START EXTRACTED DATA
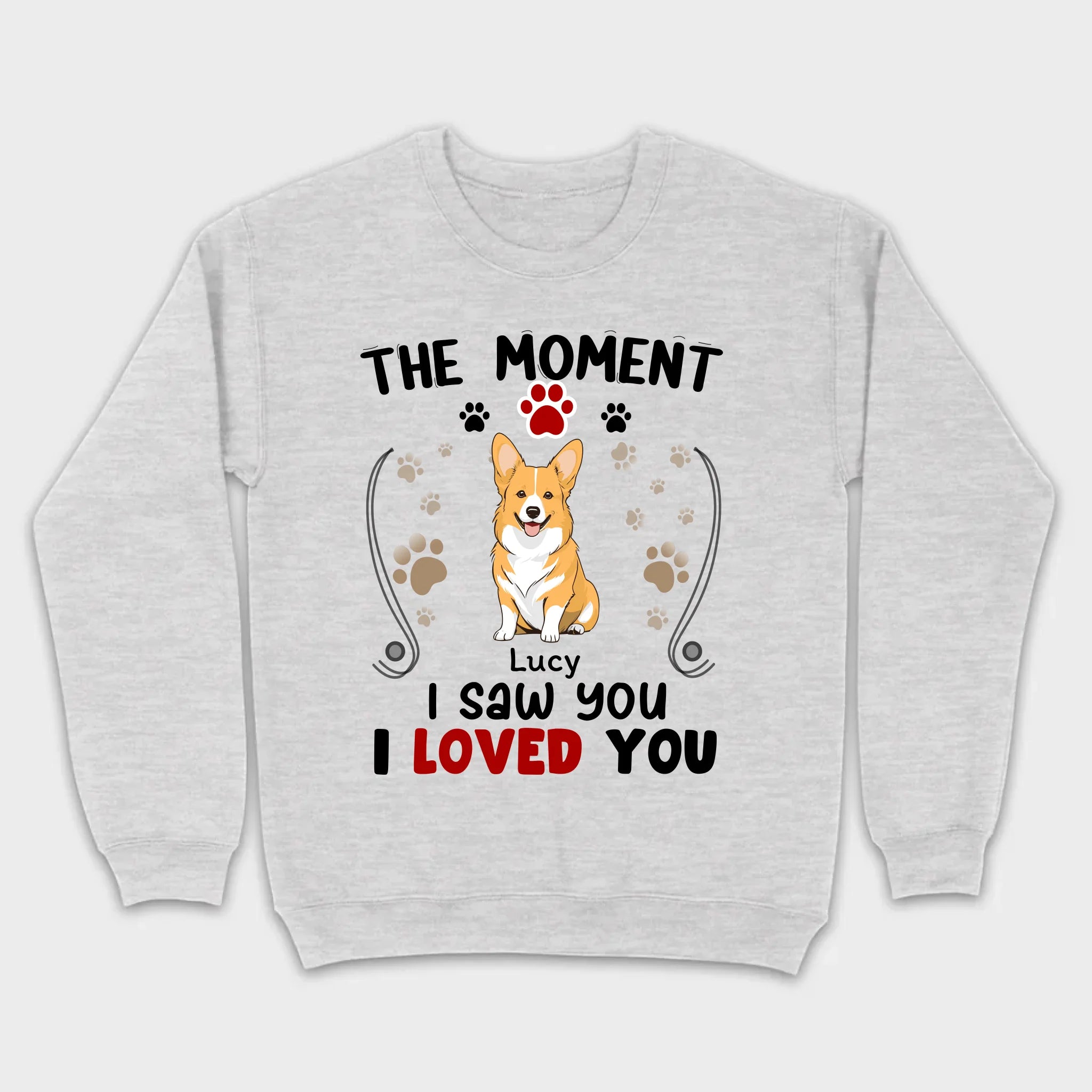 Custom Dog T-Shirt – 'The Moment I Saw You, I Loved You' by 89Prints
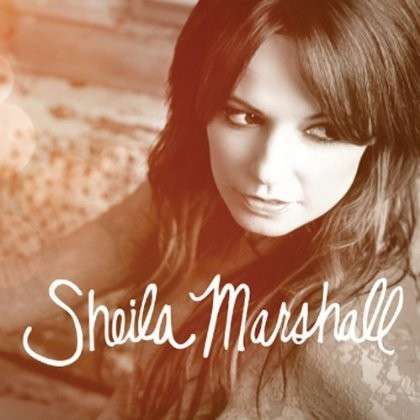 Cover for Sheila Marshall (CD) (2013)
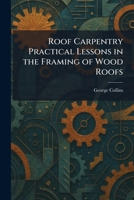 Roof Carpentry Practical Lessons in the Framing of Wood Roofs 1025367294 Book Cover
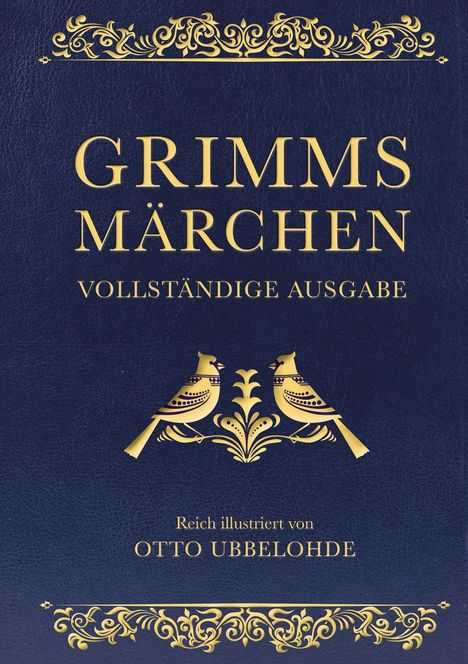 Jacob Grimm: Grimms Märchen - vollständig und illustriert(Cabra-Lederausgabe), Buch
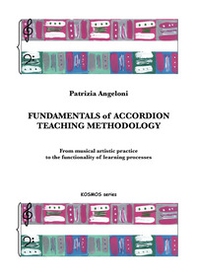 Fundamentals of accordion teaching methodology - Librerie.coop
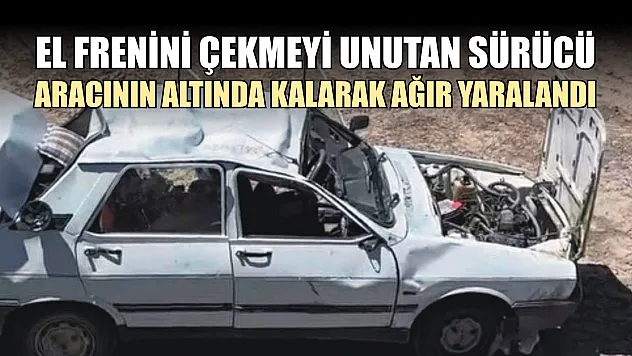 El frenini çekmeyi unutan sürücü, aracının altında kalarak ağır yaralandı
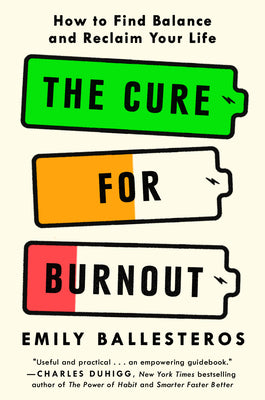 Cover Image for The Cure for Burnout: How to Find Balance and Reclaim Your Life -- Emily Ballesteros, Hardcover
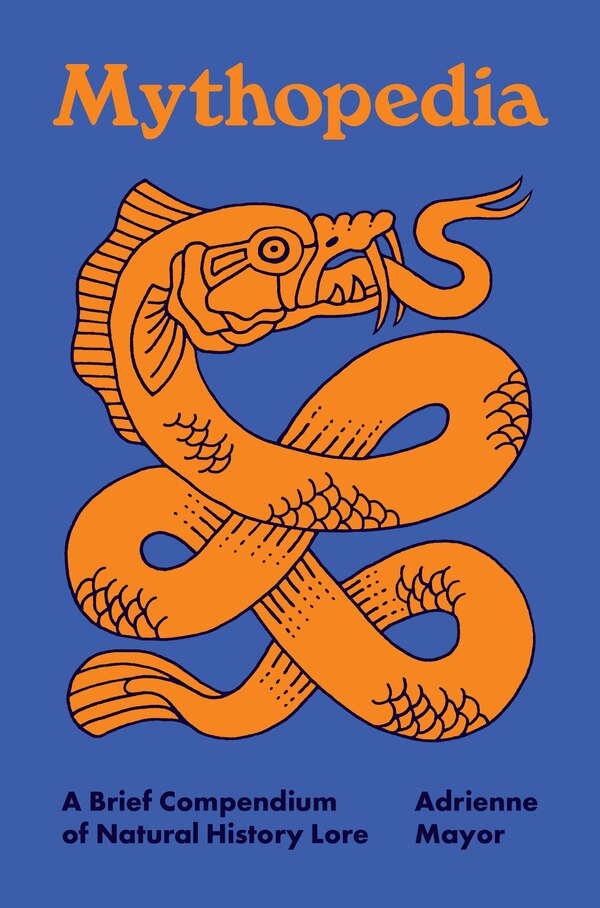 Mythopedia by Adrienne Mayor, Hardcover | Indigo Chapters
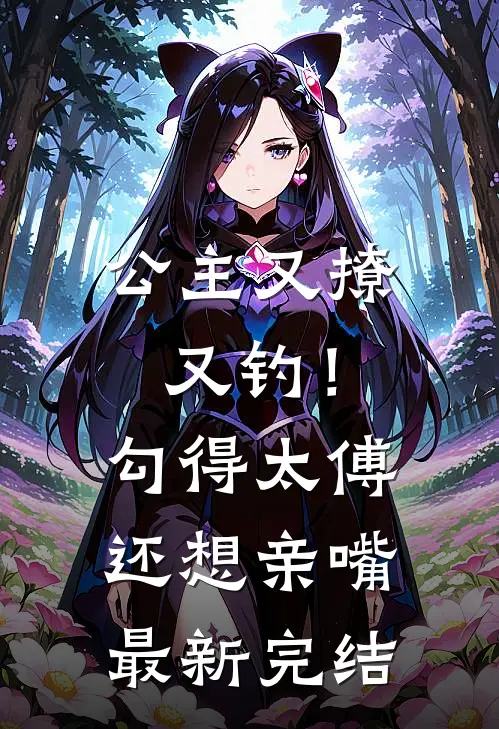 公主又撩又钓!勾得太傅还想亲嘴最新完结漫画
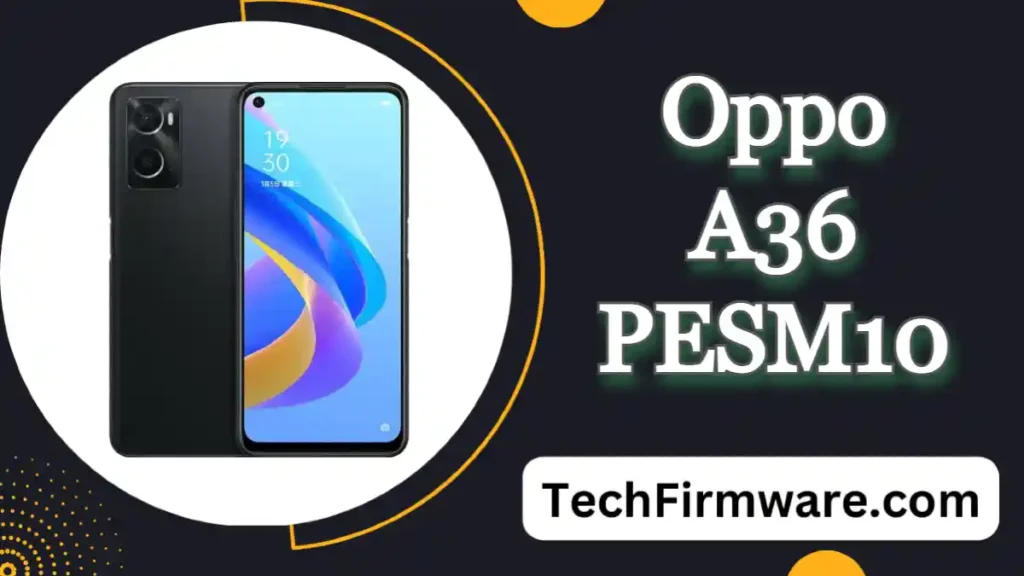 Oppo A36 PESM10 Firmware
END EXTRACTED DATA
**EXERCISE DIRECTIONS**
Your copy should hold only the lines above from the one containing "Roof Carpentry Practical" through the one containing "El frenini çekmeyi", exactly as written and free of pictures.

**REPLY TO THE EXERCISE**
 Roof Carpentry Practical Lessons in the Framing of Wood Roofs 1025367294 Book Cover
 Jacob Grimm: Grimms Märchen - vollständig und illustriert(Cabra-Lederausgabe), Buch
 Fundamentals of accordion teaching methodology - Librerie.coop
 El frenini çekmeyi unutan sürücü, aracının altında kalarak ağır yaralandı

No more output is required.